Output exactly the lines below from the one containing "Síndrome del corazón" to the last line, both included. Omit pictures.

· · ·

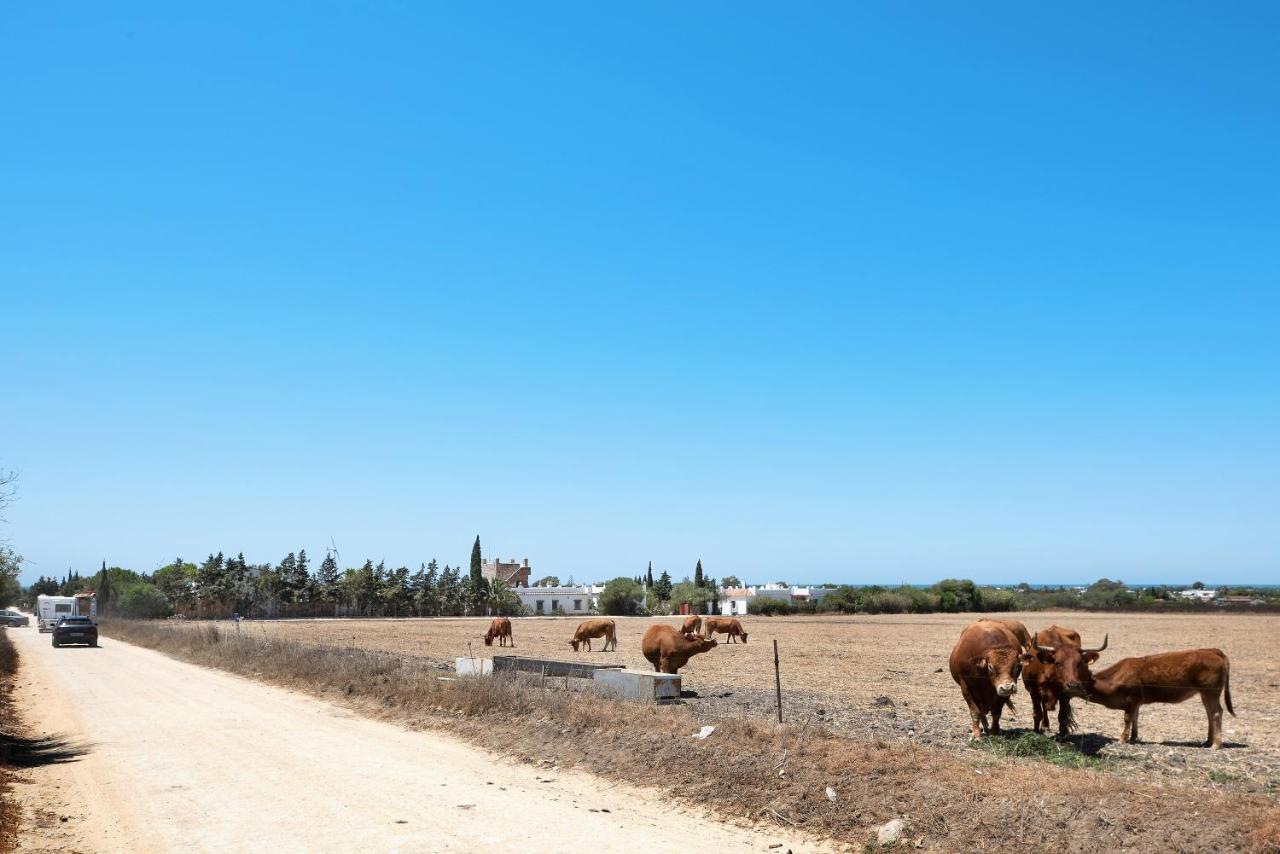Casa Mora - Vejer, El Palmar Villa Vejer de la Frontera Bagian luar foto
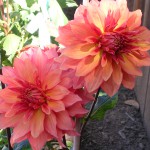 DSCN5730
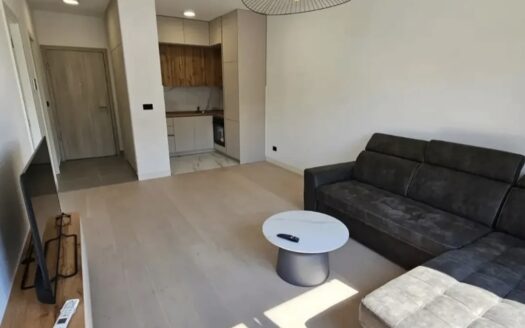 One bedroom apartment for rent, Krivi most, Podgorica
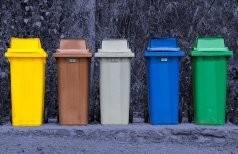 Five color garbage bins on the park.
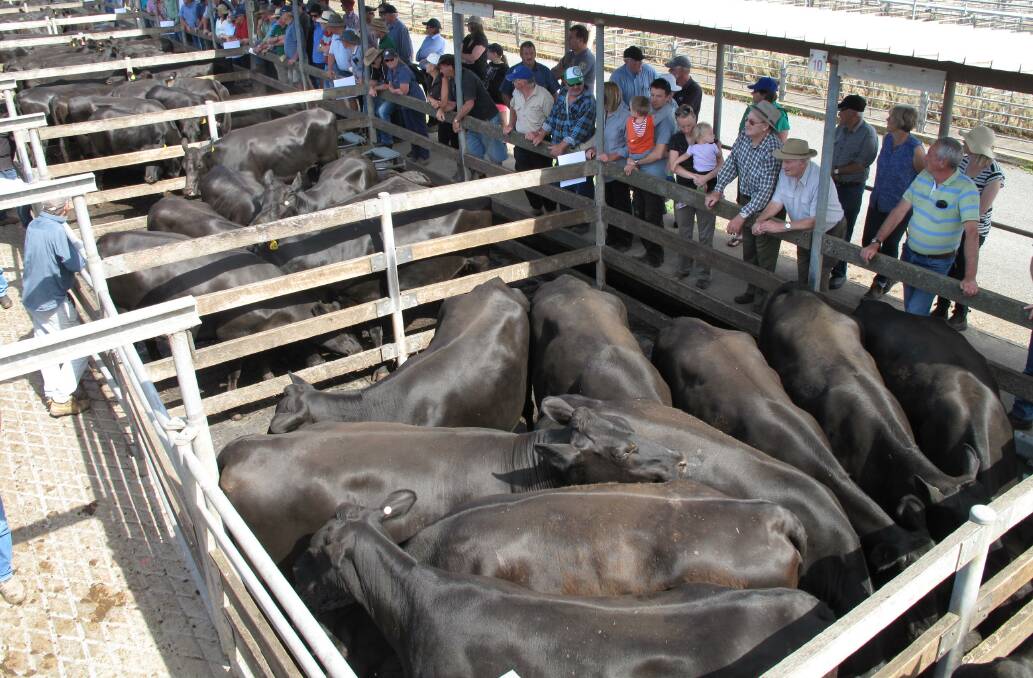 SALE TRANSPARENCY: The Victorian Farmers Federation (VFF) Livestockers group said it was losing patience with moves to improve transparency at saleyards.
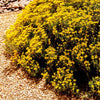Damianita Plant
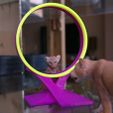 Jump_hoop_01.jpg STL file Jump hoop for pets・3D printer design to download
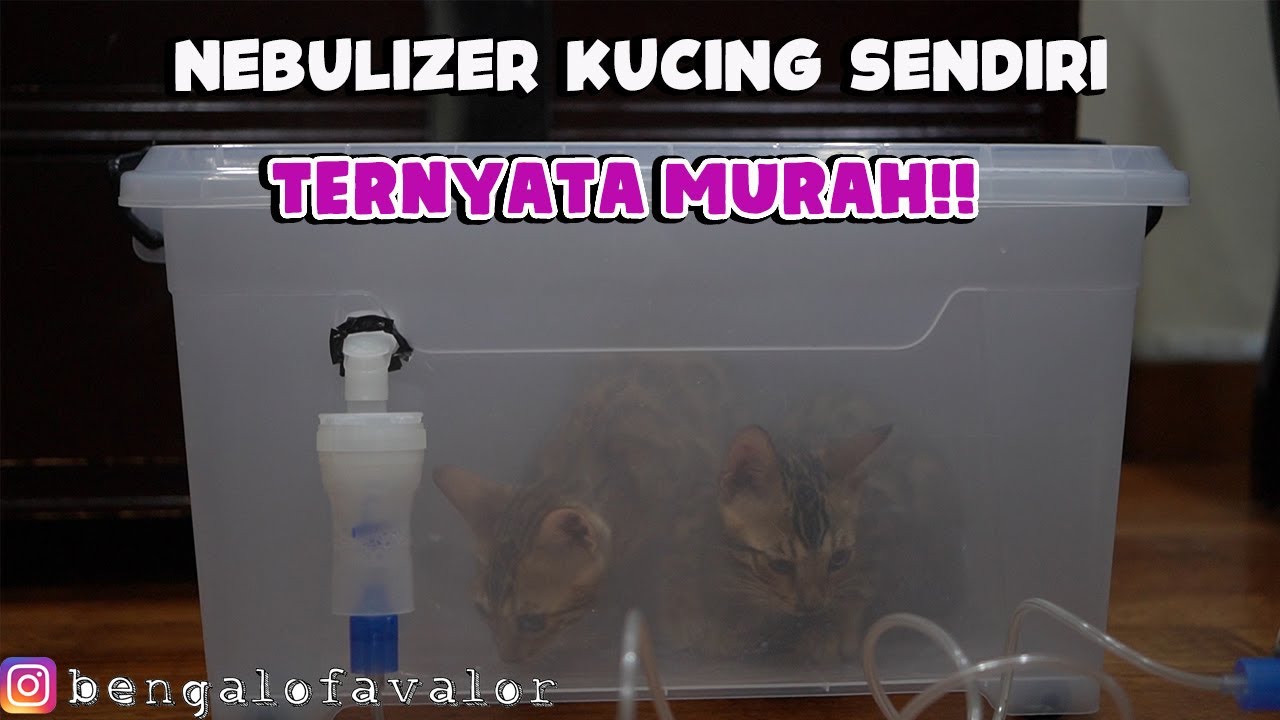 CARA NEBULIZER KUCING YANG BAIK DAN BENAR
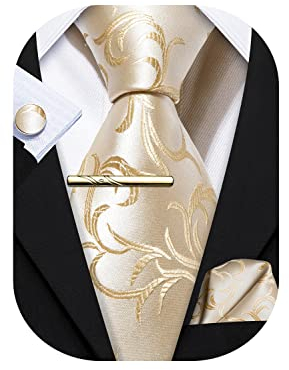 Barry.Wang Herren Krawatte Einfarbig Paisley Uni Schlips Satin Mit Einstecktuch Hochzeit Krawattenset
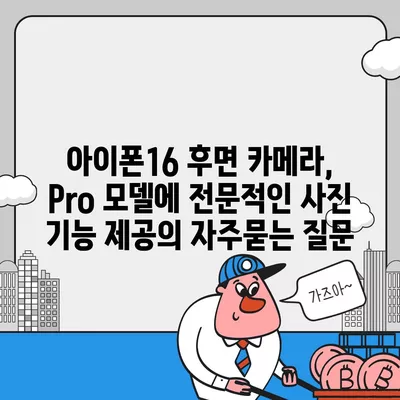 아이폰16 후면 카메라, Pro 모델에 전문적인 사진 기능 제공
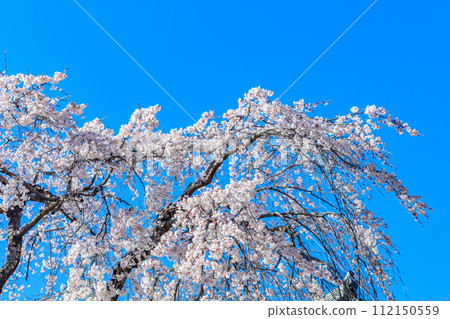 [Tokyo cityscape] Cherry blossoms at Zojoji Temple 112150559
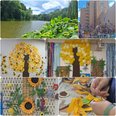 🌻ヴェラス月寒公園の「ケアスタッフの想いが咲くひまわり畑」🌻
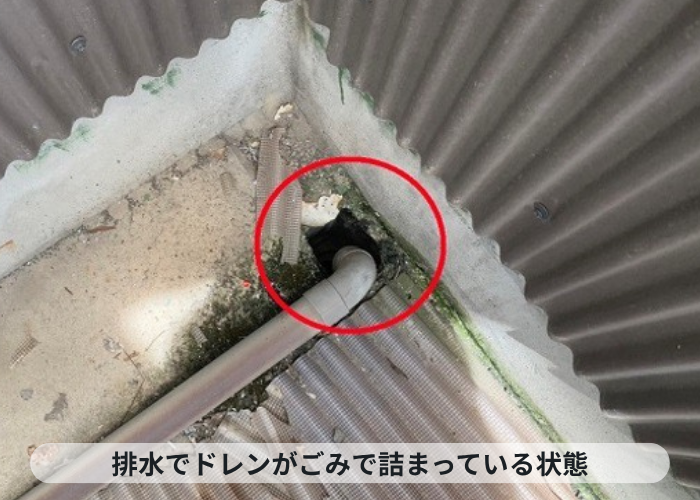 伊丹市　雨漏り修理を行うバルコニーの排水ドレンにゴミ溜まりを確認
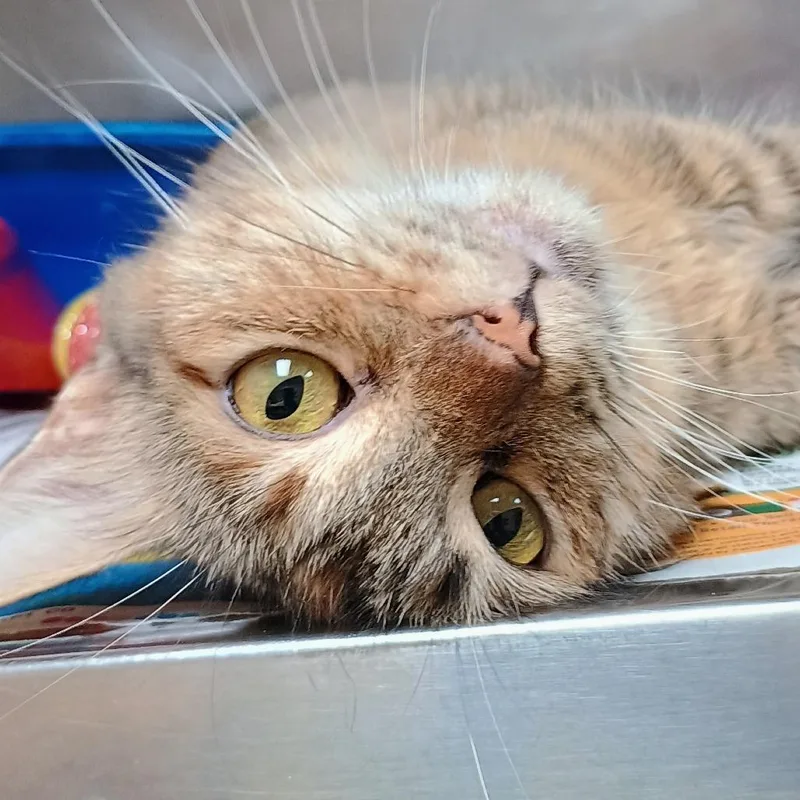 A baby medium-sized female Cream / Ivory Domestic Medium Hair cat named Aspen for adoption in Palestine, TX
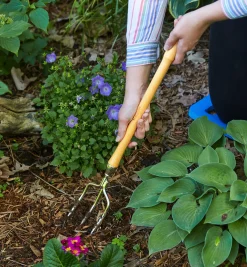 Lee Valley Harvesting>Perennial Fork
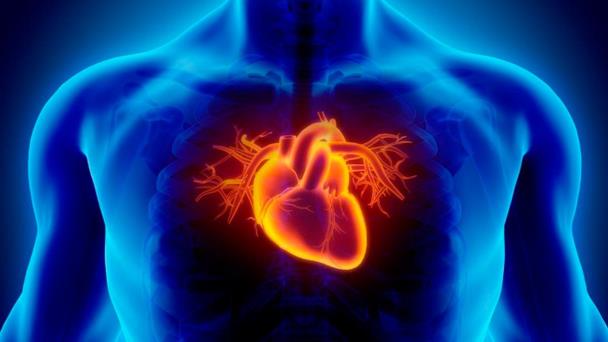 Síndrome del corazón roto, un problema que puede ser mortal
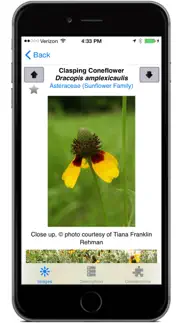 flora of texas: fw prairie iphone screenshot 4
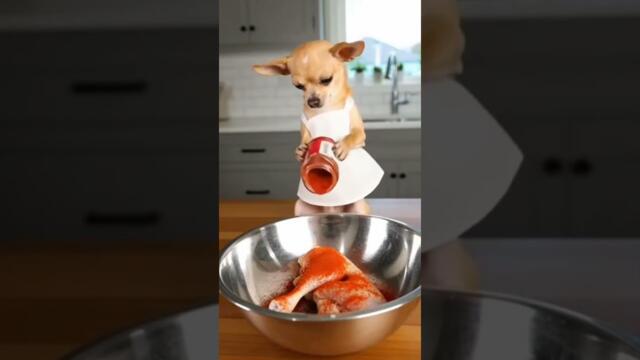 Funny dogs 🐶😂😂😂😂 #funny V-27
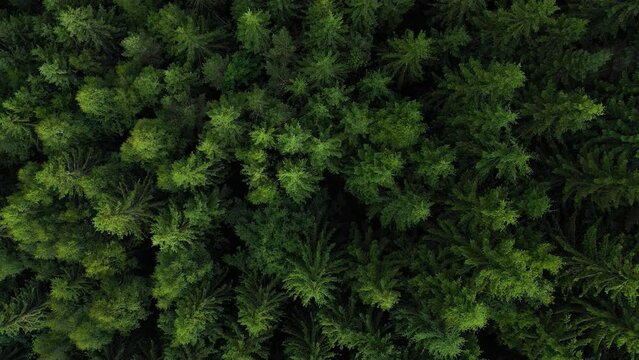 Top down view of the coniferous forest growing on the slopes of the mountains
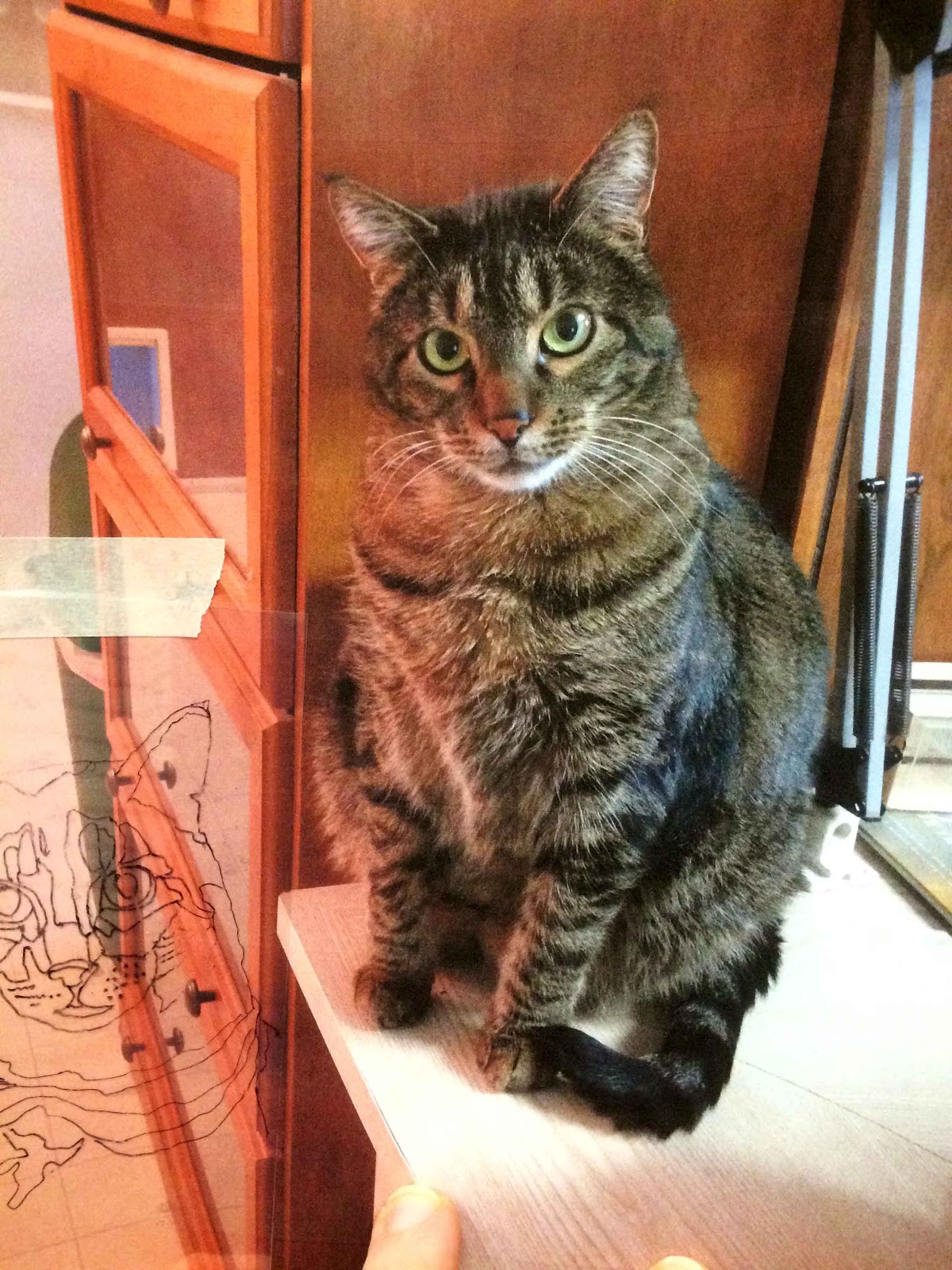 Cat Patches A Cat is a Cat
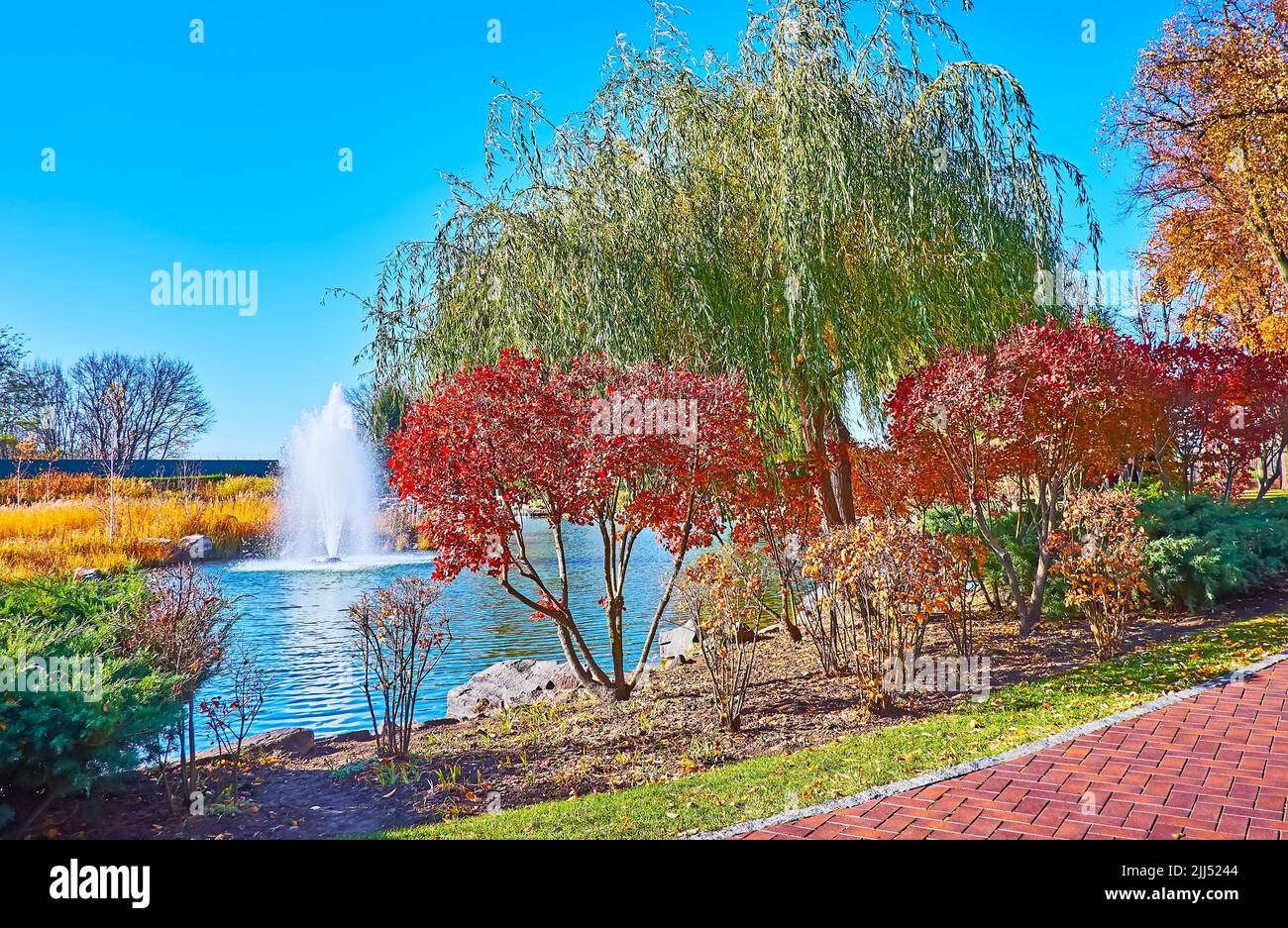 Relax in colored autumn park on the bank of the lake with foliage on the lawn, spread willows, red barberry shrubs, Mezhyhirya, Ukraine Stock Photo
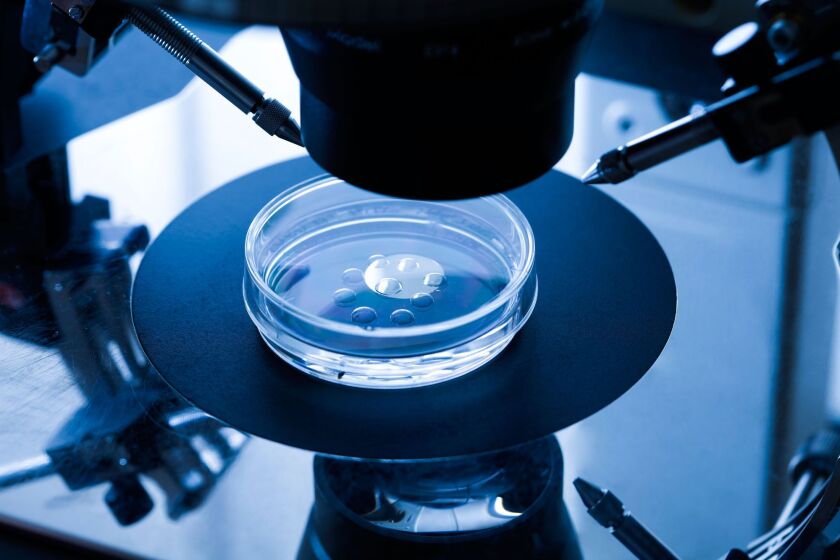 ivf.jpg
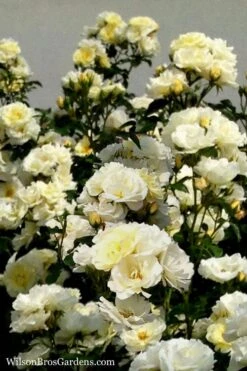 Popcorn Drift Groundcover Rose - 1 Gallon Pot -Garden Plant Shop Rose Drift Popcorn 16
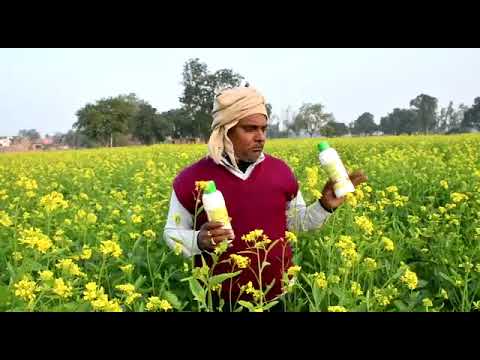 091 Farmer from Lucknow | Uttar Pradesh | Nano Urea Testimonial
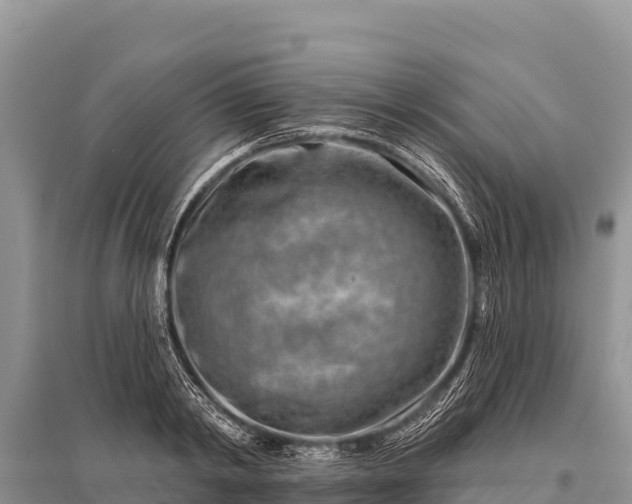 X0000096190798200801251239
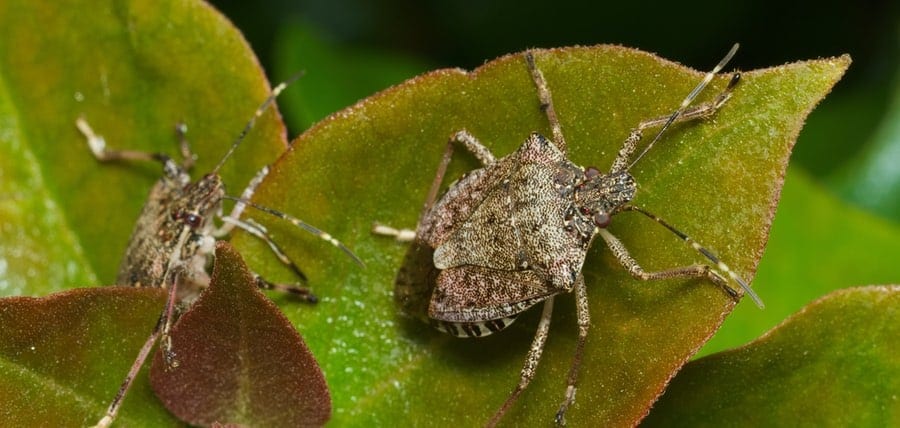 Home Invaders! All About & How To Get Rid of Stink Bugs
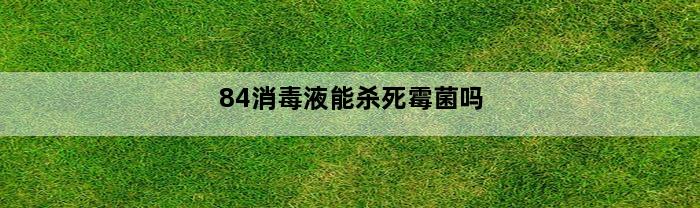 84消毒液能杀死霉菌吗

· · ·

* Expected answer:
 Síndrome del corazón roto, un problema que puede ser mortal
 flora of texas: fw prairie iphone screenshot 4
 Funny dogs 🐶😂😂😂😂 #funny V-27
 Top down view of the coniferous forest growing on the slopes of the mountains
 Cat Patches A Cat is a Cat
 Relax in colored autumn park on the bank of the lake with foliage on the lawn, spread willows, red barberry shrubs, Mezhyhirya, Ukraine Stock Photo
 ivf.jpg
 Popcorn Drift Groundcover Rose - 1 Gallon Pot -Garden Plant Shop Rose Drift Popcorn 16
 091 Farmer from Lucknow | Uttar Pradesh | Nano Urea Testimonial
 X0000096190798200801251239
 Home Invaders! All About & How To Get Rid of Stink Bugs
 84消毒液能杀死霉菌吗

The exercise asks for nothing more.